La storia d'amore - ma solo secondo i trailer - tra l'ufficiale turco
interpretato da Preziosi e l'armena Paz Vega non ha luogo, non c'è
letteralmente, è puro pretesto pubblicitario e contribuisce semmai, come per
tutti gli altri attori, alla composizione di un cast folle, istericamente
multiverso perché obbligatoriamente specchio della co-co-coproduzione.
Eliminata quindi l'unica giustificazione per la sovraesposizione dei corpi
attoriali (le storie, che però non reggono, non ci sono), il film veicola
solo l'informazione storica e per questo ha grandi, indiscutibili meriti.
Un secondo ordine di considerazioni, legato a tali meriti, ci obbliga a
sgombrare il campo da possibili equivoci: in epoca di sentimenti no-global
(condivisi), di antiamericanismo inteso come anti-bushismo
(condiviso) e di opposizione radicale ai giochi di guerra destinati solo ad
aumentare la forbice tra primo mondo e quarti, quinti universi vessati e
maciullati dall'oscena greed a stelle e strisce (condivisa,
l'opposizione), è bene evitare di descrivere univocamente la sfaccettata
complessità del mondo islamico.
La Turchia, forse a un passo dall'entrata nella Comunità Europea, non può
godere in nessun modo della benevolenza e solidarietà con la quale occorre
guardare a Iraq o Palestina, per limitarci a due soli esempi: sia perché
Istanbul è ampiamente occidentalizzata e non univocamente islamica, quindi
non povera e assolutamente non vessata, sia perché, cosa assai più
grave, la nazione turca si ostina a coltivare un nazionalismo ottuso e cieco
di fronte all'evidenza della Storia, sia essa presente (l'infinita questione
cipriota), sia essa passata (genocidio degli Armeni e espansionismo
all-time verso i Balcani e non solo).
Il film dei Taviani, tratto dall'omonimo libro di Antonia Arslan (ma si veda
anche il testo di Marcello Flores), va inteso leggendo tra le righe
televisive il testo di pura informazione verso tutti coloro che nulla o poco
sapevano di un genocidio che fece un milione di vittime, secondo solo alla
mostruosità hitleriana. Un Paese che a distanza di quasi un secolo si ostina
a negare l'evidenza solo per poter entrare nel consesso dei (presunti)

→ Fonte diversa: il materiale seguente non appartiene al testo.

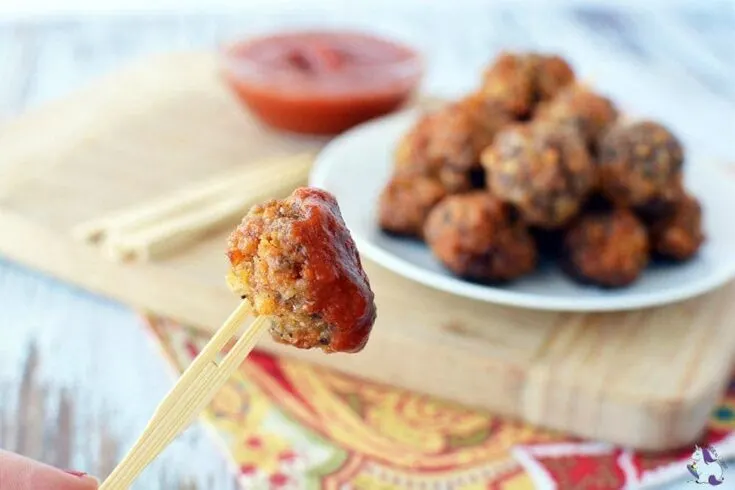 Sausage Bites Appetizer Recipe for Perfect Party Food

grandi e che a intervalli regolari sembra cedere alla deriva nazionalista,
forse non merita benevolenza e neppure l'apertura di credito che l'Europa, a
fatica, sembra volergli concedere. Non sono e non devono essere i fantasmi
di un Passato ancor più lontano a condizionare il giudizio (come se
giudicassimo Roma e l'Italia, nel 2007, per il colonialismo imperialista di
Cesare), ma l'idiozia di un atteggiamento politico-diplomatico odierno
assolutamente da censurare, cui si devono anche le proteste contro questa
stessa pellicola da parte del governo turco.
In definitiva, un film "da usare", magari insieme a opere di ben altro
spessore, come VIAGGIO IN ARMENIA di Robert Guèdiguian e ARARAT di Atom
Egoyan: due registi nati lontani dalla madre patria (in Francia e a Cipro),
testimonianze viventi di un esodo crudele, figli o nipoti di una generazione
quasi totalmente sterminata dai Turchi del 1915.